Work instruction
In the entries that follow, find the line containing "Француские пожарные на" and the line containing "Sepuluh mahasiswa internasional", then copy exactly everything from the first through the second except the pictures.

Listed records
"""

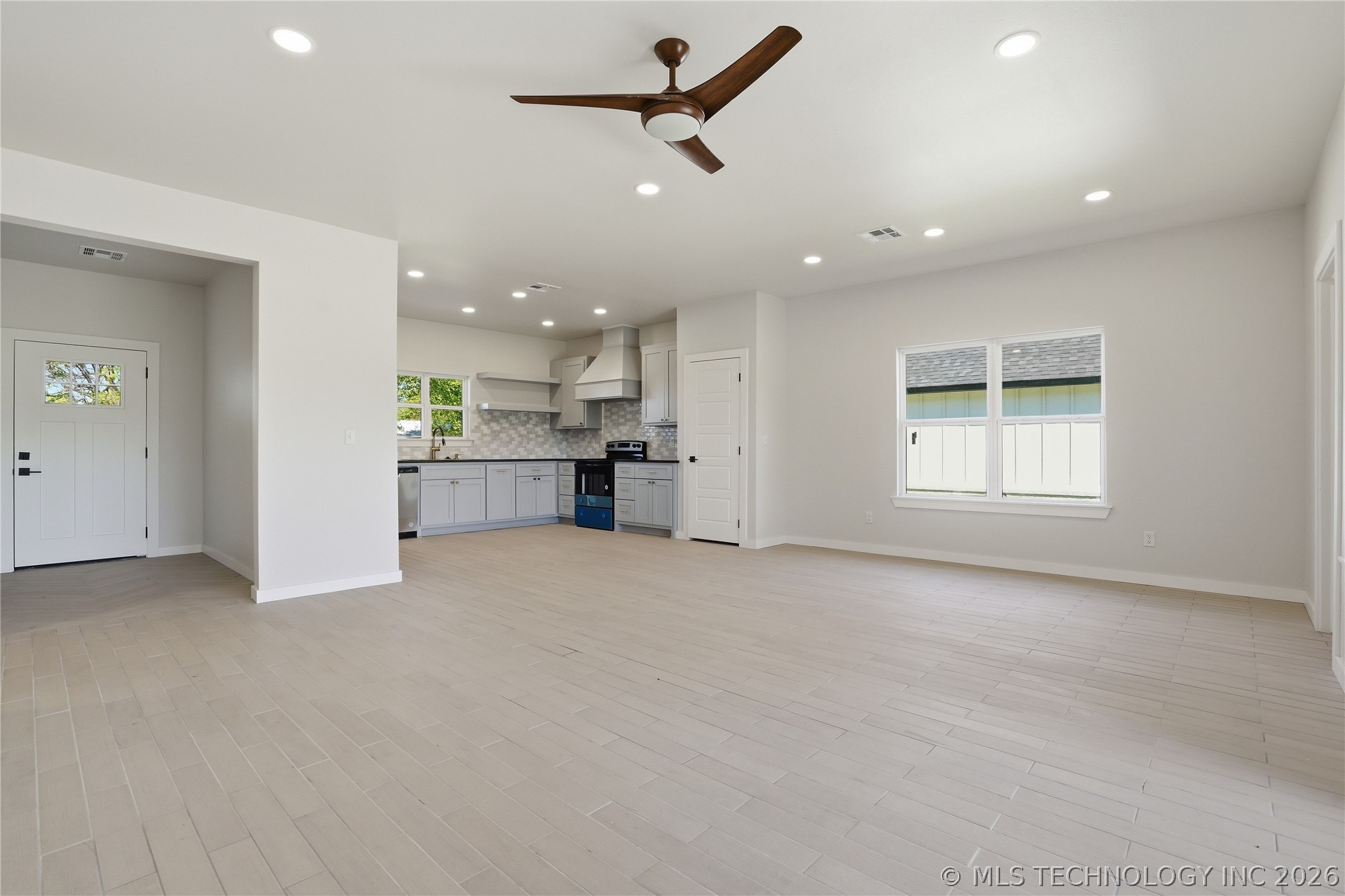 9545 N Cincinnati Street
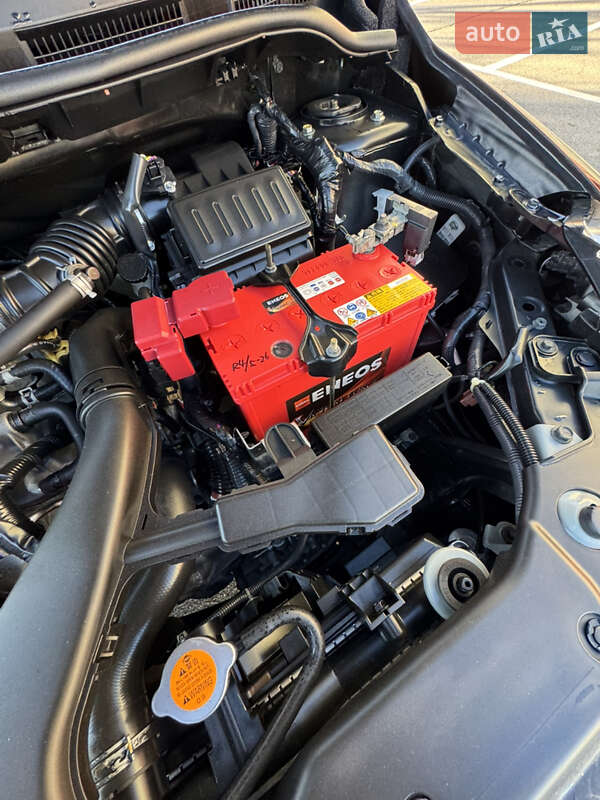 Хэтчбек Nissan TIIDA 2010 в Киеве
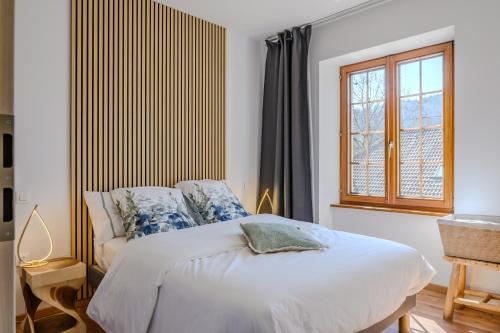 a bedroom with a bed and a window at Natür'Gîte in Fellering
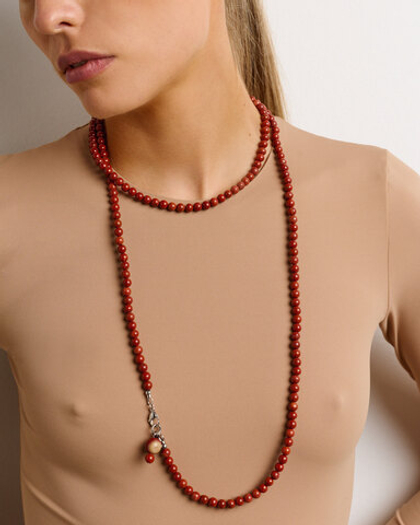 Нить из красной яшмы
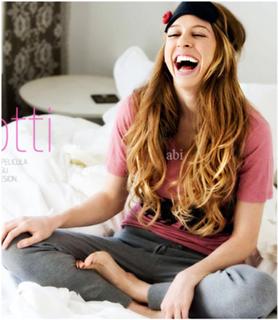 Florencia Bertotti feet photo 15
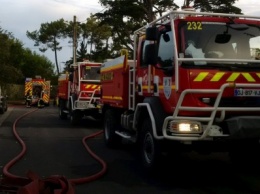 Француские пожарные на острове эвакуировали 1,5 тысяч человек из лагеря для автотуристов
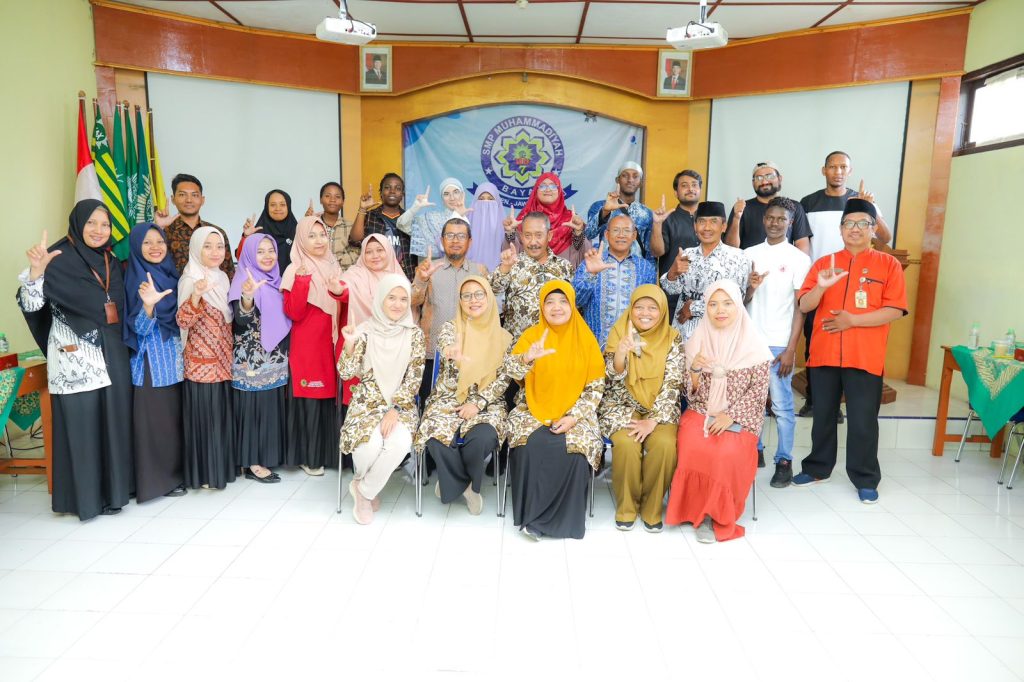 Sepuluh mahasiswa internasional Universitas Muhammadiyah Surakarta (UMS) menyelesaikan program Language and Cultural Immersion yang merupakan bagian dari Program Bahasa Indonesia bagi Penutur Asing (BIPA). Hal itu ditandai Penutupan Program Language and Cultural Immersion. Penutupan tersebut berlangsung pada hari Sabtu, (25/1/2025), di Aula SMP Muhammadiyah 7 Bayat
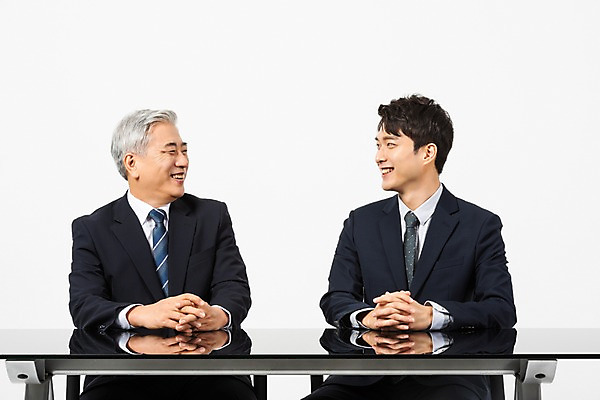 포토 JPG 스튜디오촬영 응시 노년 남자 비즈니스 실내 미소 사람 앉기 정장 상반신 20대 청년 두명 앞모습 마주보기 한국인 60대 사장 책상 흰배경 화합 임원 남자만 국내포토 시선 옷 뷰포인트 가구 백그라운드 모션 표정 동양인 성인 내부 흰색 파일형식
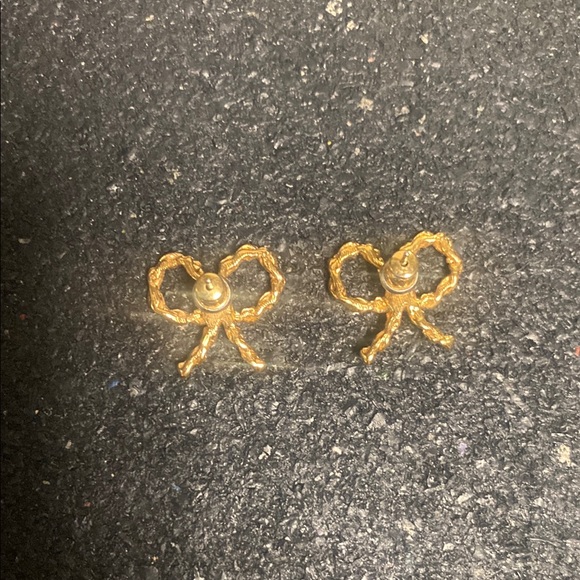 Elegant Gold Bow Earrings - Picture 2 of 4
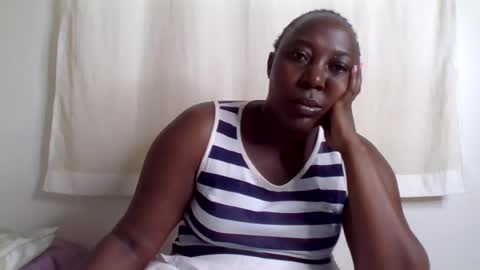 Snapshot of alesha_ chatting on July 20, 2026, 5:44 am Noreen Kennth and Emilly online show from July 20, 2026, 5:44 am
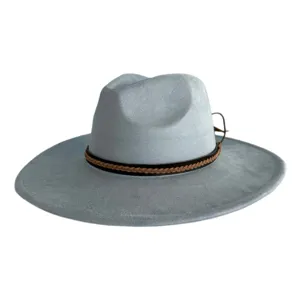 Chapeau fedora à large bord en suédine gris clair avec un élégant ruban tressé marron.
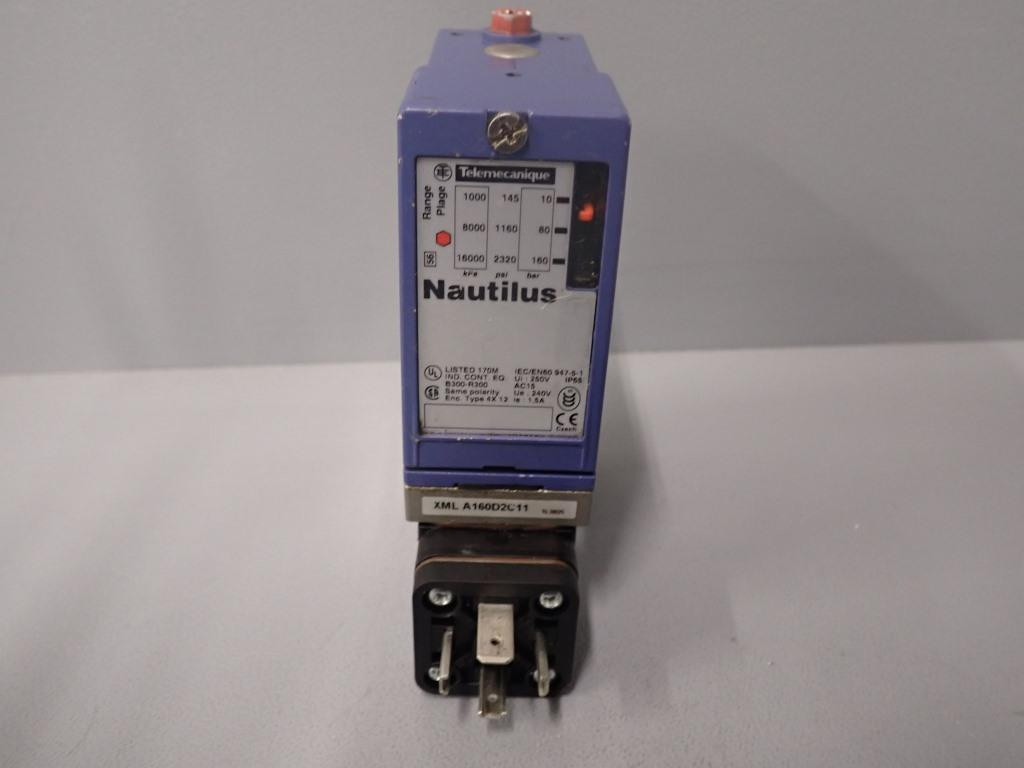 TÉLÉMÉCANIQUE  XMLA160D2C11
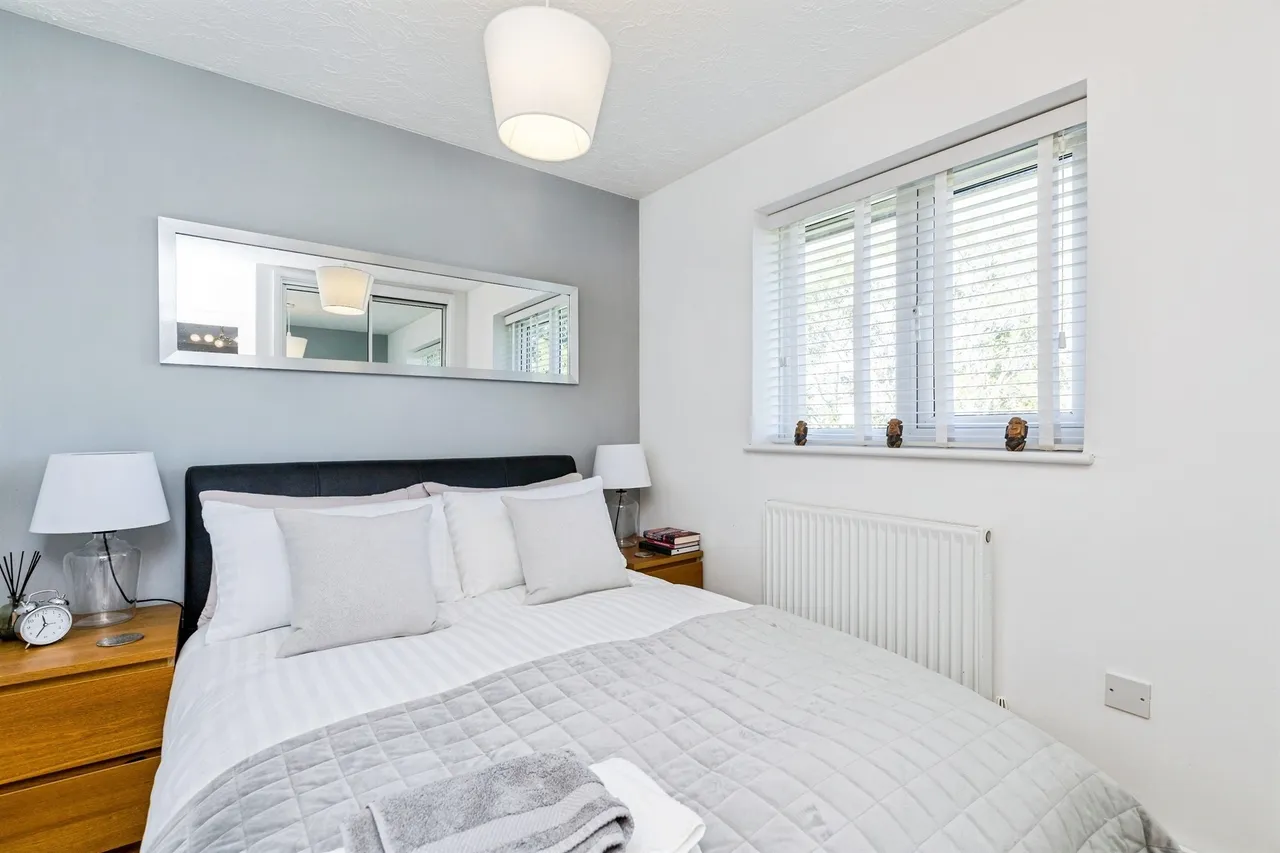 Chetwood Road, Crawley, RH11, photo 7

"""

Solution to this task
 Француские пожарные на острове эвакуировали 1,5 тысяч человек из лагеря для автотуристов
 Sepuluh mahasiswa internasional Universitas Muhammadiyah Surakarta (UMS) menyelesaikan program Language and Cultural Immersion yang merupakan bagian dari Program Bahasa Indonesia bagi Penutur Asing (BIPA). Hal itu ditandai Penutupan Program Language and Cultural Immersion. Penutupan tersebut berlangsung pada hari Sabtu, (25/1/2025), di Aula SMP Muhammadiyah 7 Bayat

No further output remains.